The War of Southern Aggression (part 2)

So there I was, exiled to a little green tent. The mosquitoes were fierce and resourceful, I might add; at times they were carrying lanterns!

That first night I tossed and turned; the sounds coming from my cabin were frightful! As I told you, the one they called 'Pass' was their leader -- some sort of Guru. All night long he conjured deities from the netherworld with indescribable groanings. The others with him began to imitate his moaning and haunting chants -- they were all caught up in the delirium of their mystic sage.

"COFFEE! I WANT COFFEE!" As that first dawn broke, a fearful roar that scattered the wildlife and nearly scared the sun away, started my day. Trembling, I made my way to the cabin and reluctantly lifted the latch and opened the door. There he stood, his silver mane going every which way, a grizzle of white beard covered his face. He looked ten feet wide! For a moment, I stood frozen.

"I want coffee!" Blurred eyes stared down at me. He started to raise his huge right hand, tanned and powerful from the many battles with the Bass family.
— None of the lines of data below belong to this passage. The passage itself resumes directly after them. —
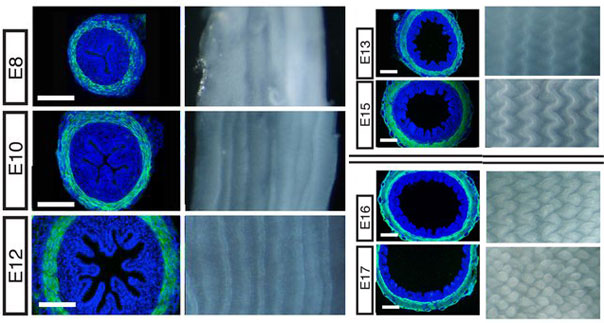 The development of villi. Photo courtesy of L. Mahadevan and Science/AAAS.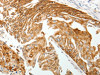 The image on the left is immunohistochemistry of paraffin-embedded Human cervical cancer tissue using CSB-PA562700 (TMSB10 Antibody) at dilution 1/15, on the right is treated with synthetic peptide. (Original magnification: ×200)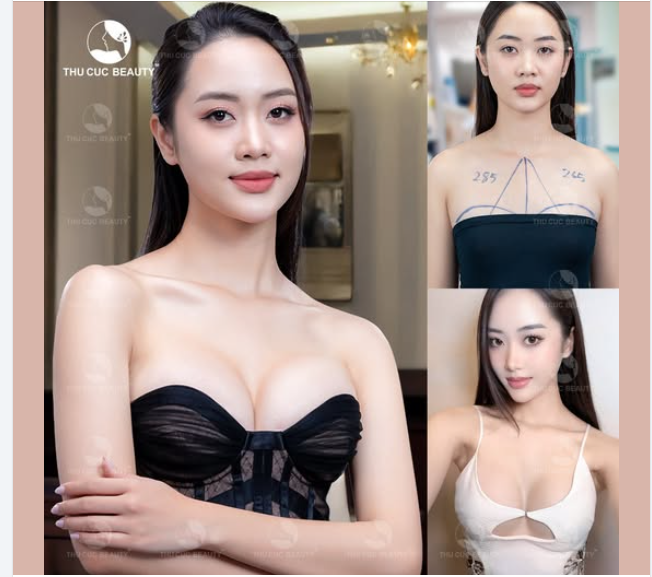 60P tạm biệt teo lép, hai bên xa nhau đến TC Nâng Ngực còn 42.9Tr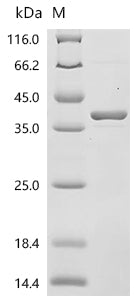 (Tris-Glycine gel) Discontinuous SDS-PAGE (reduced) with 5% enrichment gel and 15% separation gel.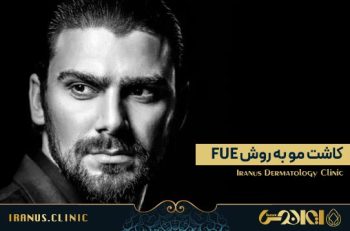 کاشت مو به روش FUE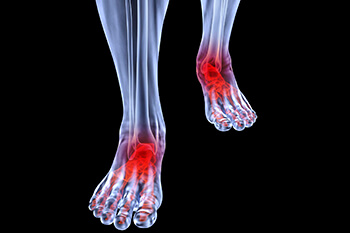 Arthritic foot and ankle care treatment, foot arthritis treatment in the New York County, NY: Manhattan, Lenox Hill, Yorkville, Upper West Side, Upper East Side, Hell's Kitchen, Midtown East, Garment District, Diamond District, Carnegie Hill, Lincoln  Square, Murray Hill areas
I thought I would soon be dead --thankfully, he just needed to scratch. Carefully, I made my way to the old fashioned camp coffee pot and began to scoop Maxwell's finest grounds into the percolator basket. When I had put in the fifth scoop, a voice behind me whispered, "Is it done yet?"

The voice was Royce. I turned and there he lay on the camp floor. I answered his question, but he didn't hear me. He had earplugs in. His kind eyes and gentle demeanor seemed so out of place amongst such rabble. "He's crazy, man. Just get that coffee made. And make him some Wampum." he said.

"Wampum? What is wampum?" I asked.

"See that can of biscuits? Just wampum on the counter til they open! Get em cooked. He's safer when he's fed."

Immediately, I responded to Royce's instruction and lived to see another day.

The War of Southern Aggression (a week at the cabin)

It was an act of Southern aggression! Five rednecks attacked the Penobscot River and lured members of the Bass family out of their dwellings, seducing them with the promise of a scrumptous meal. The Rebs held over 700 captive. Thankfully, all were released without serious harm.

Maine native Bill Shorey testified, "The Bass family did nothing to incite this kind of treatment. It was no contest. The Rebs were heavily armed, had a well planned attack, and advanced without mercy. The assault was relentless for five full days."

Shorey became an eyewitness of the unprovoked attack when the Johnny Rebs took over his cabin and banished him to a flimsy tent. Huddled in his tent, he was twice stalked by a bear and bravely battled bloodthirsty mosquitoes. "At times I heard golden harps and felt the brush of angel wings. I feel God spared me for some kind of destiny -- once I get through therapy."

The Mainer believes that the mayhem could have been even worse. "One of the attackers was pulled off the front lines and headed back to Dixie. Another, a tall and sinister looking man, suffered battle fatigue and was out of action for one day."

"I was particularly alarmed by the maniacal actions of the one they called 'Pass.' All through the night he would speak in some kind of ecstatic tongue. Every morning he led his partners in a fanatical ritual to prepare them for battle. They would chant, flail their arms, and go into some kind of stomping dance. I don't know if his thunderous threats, 'C'mon boys, let's put something on em' potash won't wipe off!' will ever stop ringing in my ears."

Due to the graphic nature of this adventure, exaggeration is unnecessary. Therefore, in the days ahead, I will bring it with precise, yet brutal, honesty.